Often, especially when simulating an ensemble of particles, it is more appropriate to normalize the velocity to the thermal velocity and to choose different length scales for $\hat{x}$ and $\hat{l}$, specifically

\[\begin{aligned} \hat{v} &= v_{\mathrm{th}} , & \hat{t} &= \hat{\omega}_c^{-1} , & \hat{A} &= \hat{l} \hat{B} , & \hat{\phi} &= \hat{l} \hat{E} , & \hat{L} &= m v_{\mathrm{th}}^2 , \end{aligned}\]

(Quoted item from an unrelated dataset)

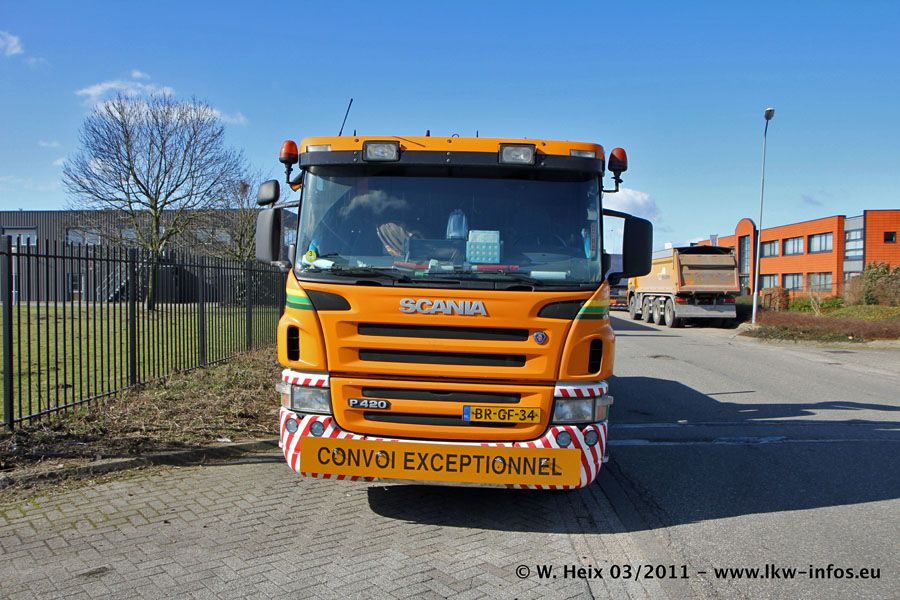Scania-P-420-224-vdVlist-070311-05.jpg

where $v_{\mathrm{th}} = \sqrt{ W / m}$ denotes the thermal velocity and $W = k_B T$ the thermal energy. Consequently,

\[L' = \bigg( \frac{\hat{x}}{\hat{t}} \frac{m \hat{v}}{m v_{\mathrm{th}}^2} \, v' + \frac{\hat{\omega}_c^2}{v_{\mathrm{th}}^2} \, \hat{x} \hat{l} \, A' \bigg) \cdot \dot{x}' - \frac{m \hat{v}}{m v_{\mathrm{th}}^2} \frac{\vert v' \vert^2}{2} - \frac{e \hat{\phi}}{m v_{\mathrm{th}}^2} \phi' .\]

Further, set

\[\begin{aligned} \hat{x} &= \hat{v} \hat{t} = \frac{v_{\mathrm{th}}}{\hat{\omega}_c} = \hat{\rho}_{\mathrm{th}} , \end{aligned}\]

where $\hat{\rho}_{\mathrm{th}}$ is the characteristic gyro radius, and the normalized Lagrangian becomes

\[L' = \bigg( v' + \frac{\hat{l}}{\hat{\rho}_{\mathrm{th}}} \, A' \bigg) \cdot \dot{x}' - \frac{\vert v' \vert^2}{2} - \frac{e \hat{\phi}}{m v_{\mathrm{th}}^2} \phi' .\]

This leaves room for different orderings and consequently different normalizations. For example, in drift kinetics, we have $\hat{\rho}_{\mathrm{th}} / \hat{l} \sim \epsilon$ and $e \hat{\phi} / m v_{\mathrm{th}}^2 \sim 1$, while in gyro kinetics, we have $\hat{\rho}_{\mathrm{th}} / \hat{l} \sim 1$ and $e \hat{\phi} / m v_{\mathrm{th}}^2 \sim \epsilon$.